Task to carry out:
For every record that follows, transcribe the text exactly and leave any image out.

Listed records:
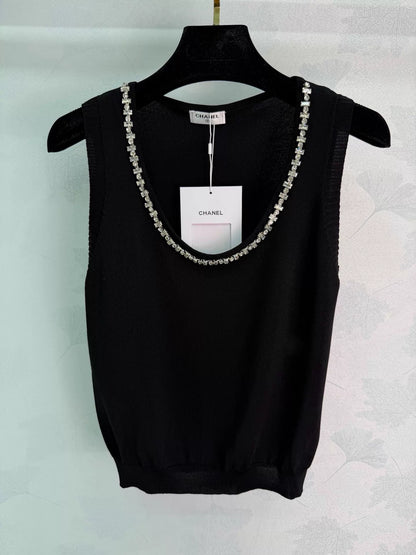26ss Beaded Neckline Knit Vest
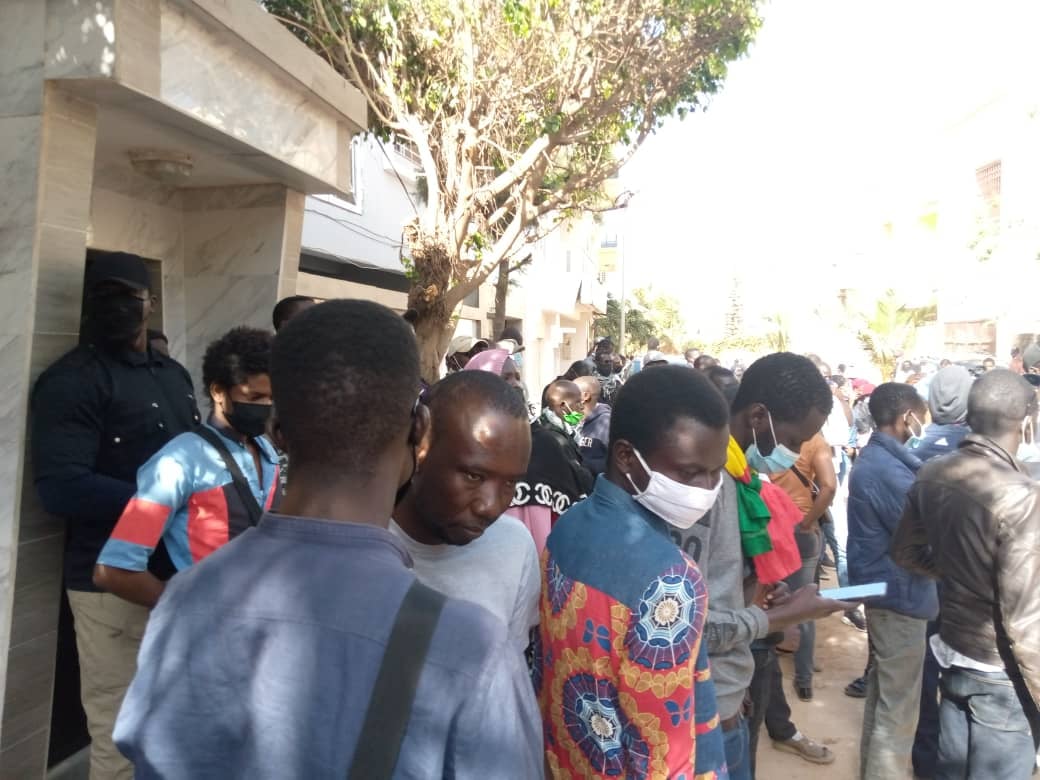 (Photos) Forte mobilisation devant le domicile de Sonko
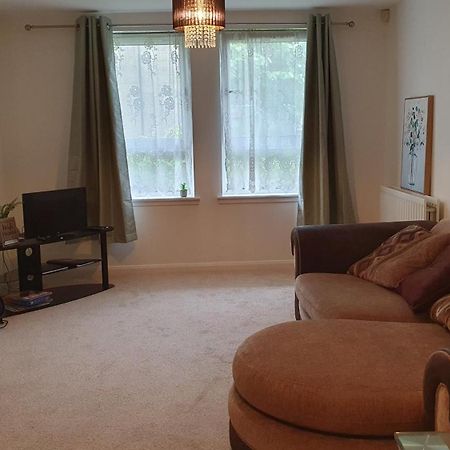 2-Bedroom Back Hilton Area Apartment - Ground Floor, Aberdeen City Center 部屋 写真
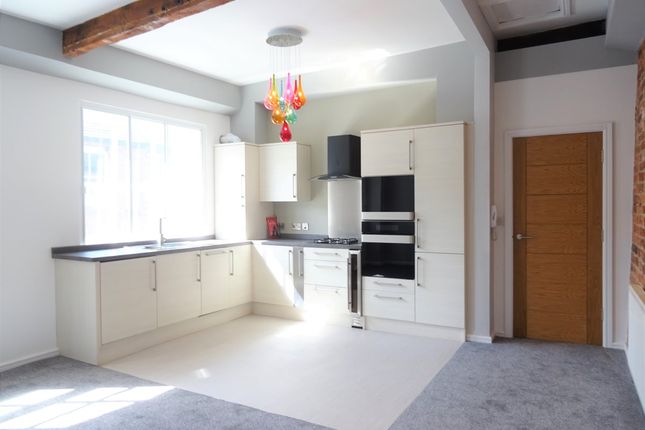 Flat to rent in Cheapside, Wakefield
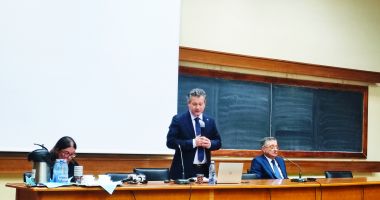 Scandalul de la UMC. Propunerea de a-și da demisia Cornel Panait a fost primită cu aplauze de studenți - 2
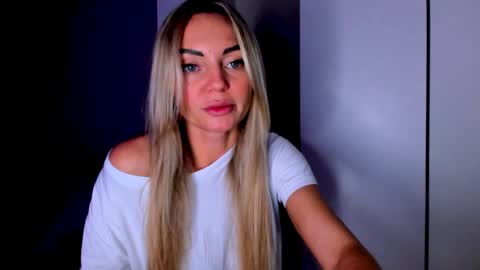 Snapshot of adriana_coy_ chatting on January 6, 2025, 6:31 pm Adriana online show from January 6, 2025, 6:31 pm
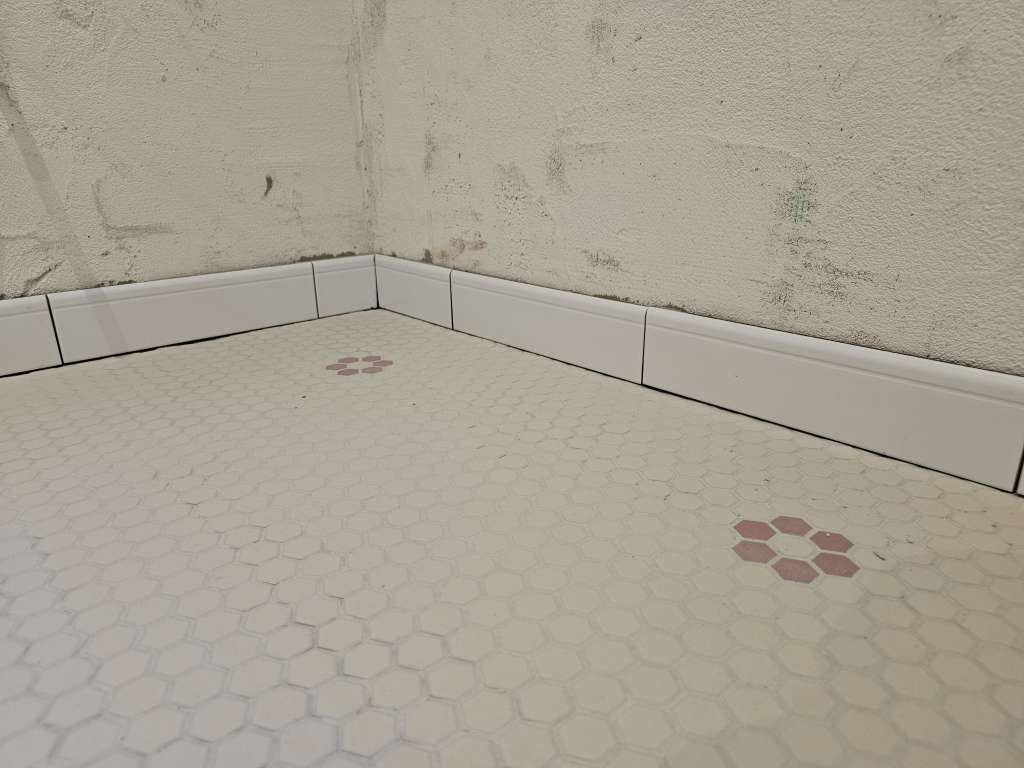 BAU.DE / BAU-Forum: 5. Bild zu Frage "wei&szlig;licher Schleier auf Fliesen nach dem Verfugen" im BAU-Forum "Modernisierung / Sanierung / Bausch&auml;den"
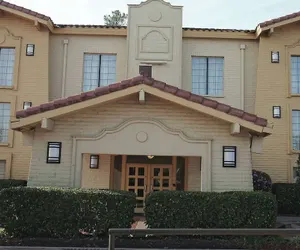 Photo 2 - SureStay Plus by Best Western Alamogordo White Sands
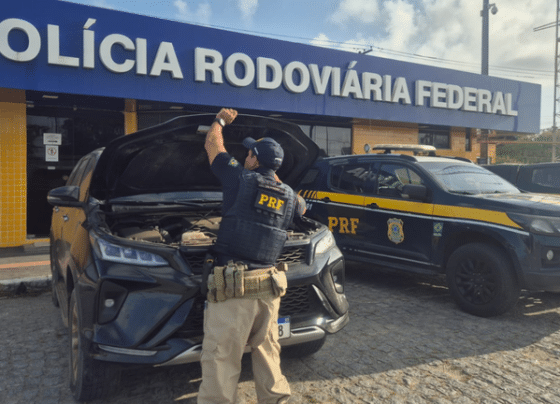 Veículo com restrição judicial é recuperado pela PRF em Socorro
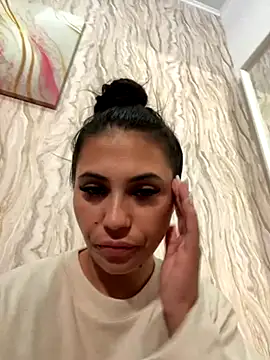 Snapshot of Sweet_Lya09 chatting on September 26, 2025, 4:05 am Sweet Lya09 online show from September 26, 2025, 4:05 am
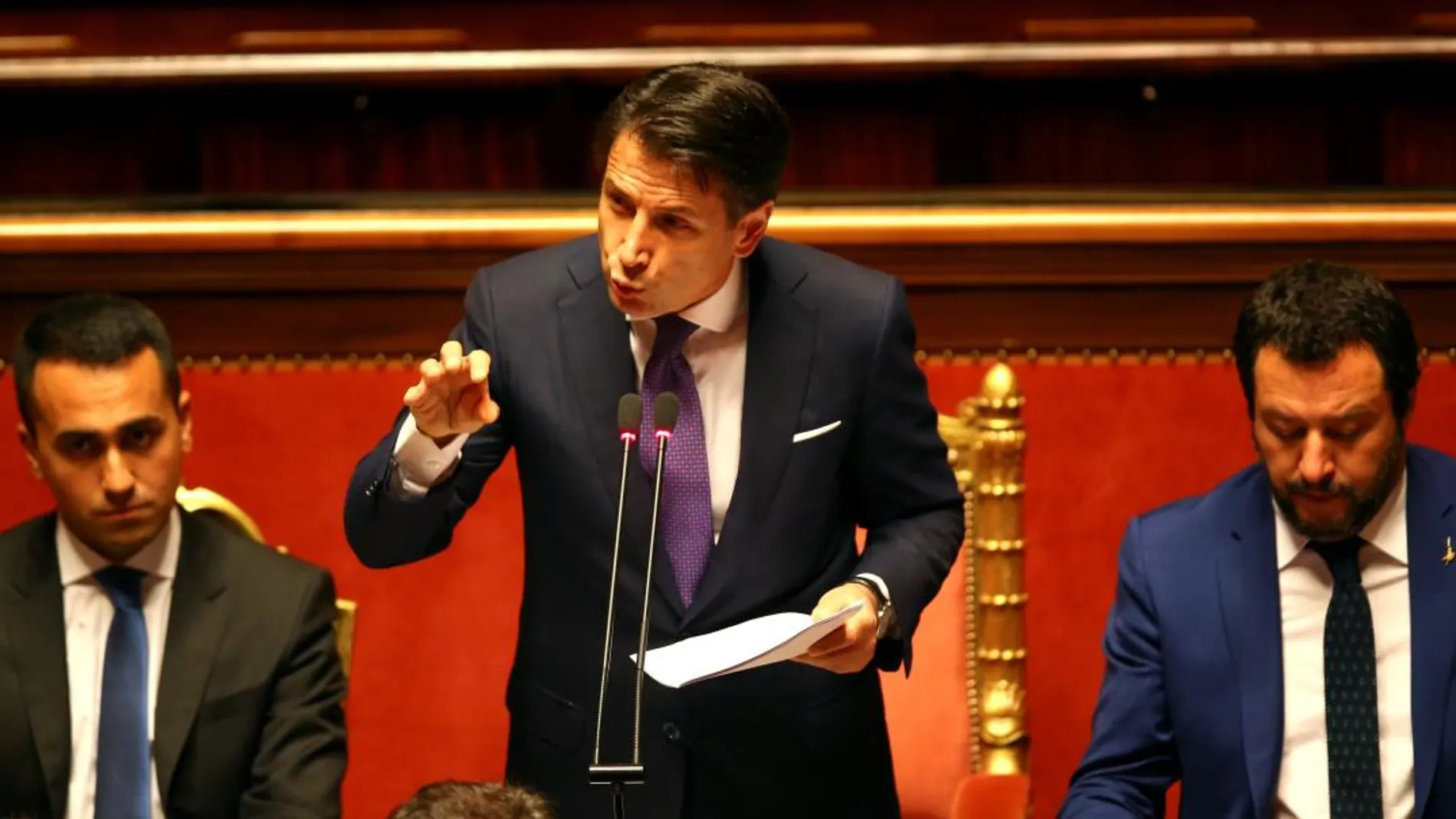 El primer ministro italiano, Giuseppe Conte, junto al ministro de Interior, Matteo Salvini, y el ministro de Trabajo e Industria, Luigi Di Maio, en su discurso de investidura ante el Senado / Foto: Reuters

Solution to the problem:
26ss Beaded Neckline Knit Vest
 (Photos) Forte mobilisation devant le domicile de Sonko
 2-Bedroom Back Hilton Area Apartment - Ground Floor, Aberdeen City Center 部屋 写真
 Flat to rent in Cheapside, Wakefield
 Scandalul de la UMC. Propunerea de a-și da demisia Cornel Panait a fost primită cu aplauze de studenți - 2
 Snapshot of adriana_coy_ chatting on January 6, 2025, 6:31 pm Adriana online show from January 6, 2025, 6:31 pm
 BAU.DE / BAU-Forum: 5. Bild zu Frage "wei&szlig;licher Schleier auf Fliesen nach dem Verfugen" im BAU-Forum "Modernisierung / Sanierung / Bausch&auml;den"
 Photo 2 - SureStay Plus by Best Western Alamogordo White Sands
 Veículo com restrição judicial é recuperado pela PRF em Socorro
 Snapshot of Sweet_Lya09 chatting on September 26, 2025, 4:05 am Sweet Lya09 online show from September 26, 2025, 4:05 am
 El primer ministro italiano, Giuseppe Conte, junto al ministro de Interior, Matteo Salvini, y el ministro de Trabajo e Industria, Luigi Di Maio, en su discurso de investidura ante el Senado / Foto: Reuters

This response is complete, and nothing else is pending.